I am sitting at my desk. I have just hung up the phone from talking to a parent about a safety concern, on what I feel is the safest way to transport students to and from school, the school bus.
The mother stated she was returning home from work, and as she was driving up the road toward her subdivision, she noticed a big yellow bus turn into her neighborhood. She thought, (as a lot of people do), “Oh great, now I’m going to be stuck behind a bus.”
She turns on her signal and turns into her subdivision. She is surprised, because she is expecting to see the bus as she rounds the corner. She wondered if her eyes are playing tricks on her, because the bus had vanished. Then she sees it, the bus is about half a mile up the road. She tells me her first thought is, “This bus is speeding, and in a subdivision none the less.” She continues her story as I am thinking to myself “Who was the driver?” Was the culprit the infamous, “Oh, no I wasn’t” driver? Or, is this a newer driver who has yet to realize that you don’t speed in a a school bus!
All of us have looked down at one time or another and have noticed that we were going a bit over the speed limit. It’s those that don’t back off that worry me. In my opinion, school zones and subdivisions are very dangerous places for children and traffic. School zones and subdivisions are area where you should never speed for obvious reasons: safety! In fact, I have had an officer tell me he would rather have a person going 5 mph over in a 55 MPH zone than a driver doing 1 mph over in a school zone and will ticket them in a heartbeat. I feel the same way.

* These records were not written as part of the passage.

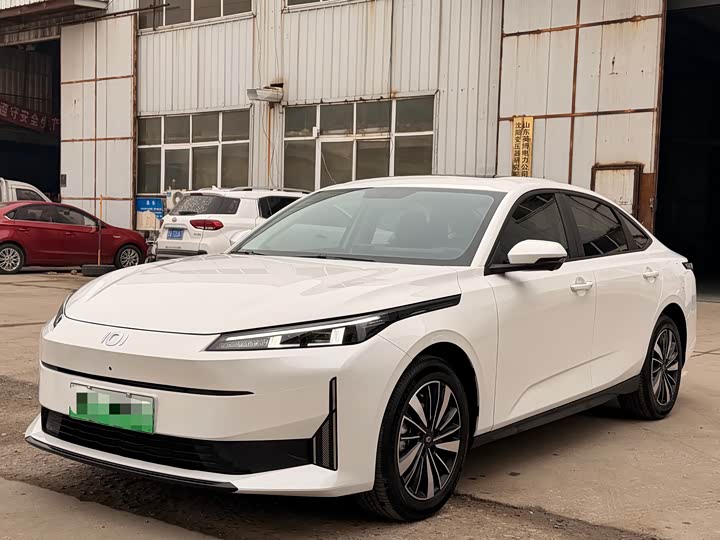 Фото 1 - Changan Qiyuan (Nevo) A05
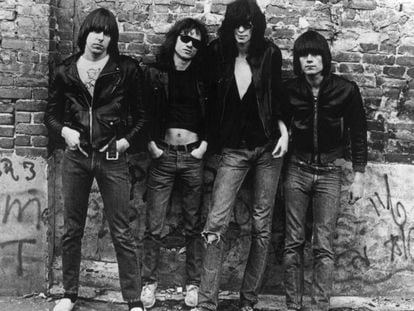 Los Ramones: de pioneros del punk a vestir a 'it girls'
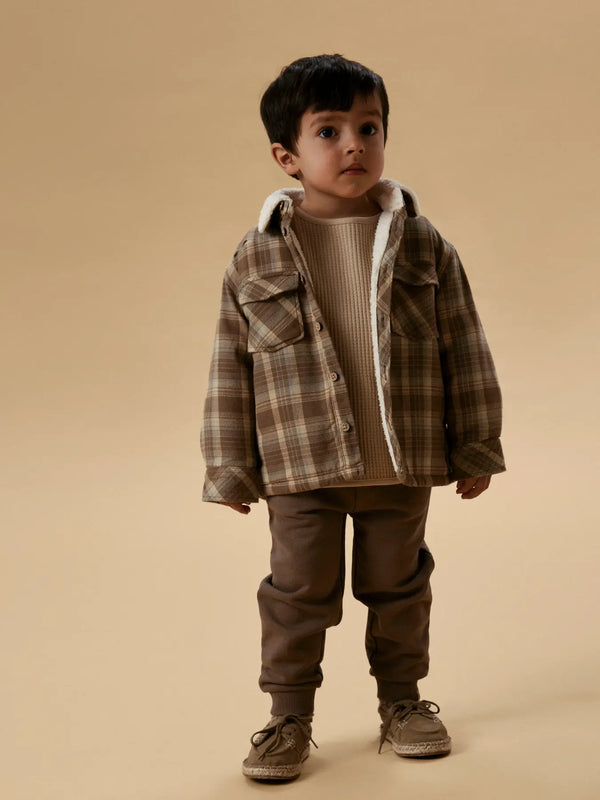NMMTAVOR LS LOOSE SHIRT LIL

In these areas, the space between every parked car is a potential path for a child to run out in front of you. In a lot of these areas, it also does not leave a lot of room for two cars to pass let alone a bus and another vehicle, especially on corners. I have had many calls from people who say, “As I came around the corner, the bus was speeding toward me from the opposite direction, taking up both lanes,” which does not give the appearance of safety.
Even though our focus is on safety, there have still been times that I have had drivers in my office to discuss a call about speeding. A common response is, “It only sounds like I’m speeding. My speedometer says I am not.” In my opinion, there are speeders and there are those who get to the speed limit very fast. Both of these drivers scare me to death.
We all know that when we drive a bus, as we accelerate it sounds like the bus is going very fast. This is even truer in an enclosed neighborhood. One way of helping eliminate this problem, is to not “put the pedal to the metal,” so to speak. When we do as we are trained, we should be lightly pressing on the accelerator as we leave a stop. We do this for safety reasons as well as for saving the bus engine.
One sure way of minimizing calls on speeding bus drivers is to just slow down, my typical response when discussing the speeding issue with a driver: “If you’re driving in a subdivision and you keep getting calls on your speed, slow it down.”
I always remember when I was in training, when my trainer said, “We are never late, as long as we get the students to school safely.” This is a very safe way to think. Trying to get drivers to not be in such a hurry and at the same time telling them, “be on time” can be a bit frustrating for a bus driver. We understand how important it is to be on time but we never sacrifice safety to do it.
As drivers of the “Future Leaders” of our country, it is our responsibility to do our best to keep them safe. It is great to work in an industry that takes safety so seriously. We can all do our part in that by thinking safety every second we are on a bus. Life is too short as it is; let’s not do anything to jeopardize that. It has been said many times that we are hauling the most precious cargo in the world. I truly believe this. School buses have been labeled one of the safest ways to transport children. We can keep it that way by doing what should be natural for us.
Slow down and take time to do as we have been trained. Be proud to have the label, “The Best Drivers on Earth.” Strive to be a driver who puts safety first.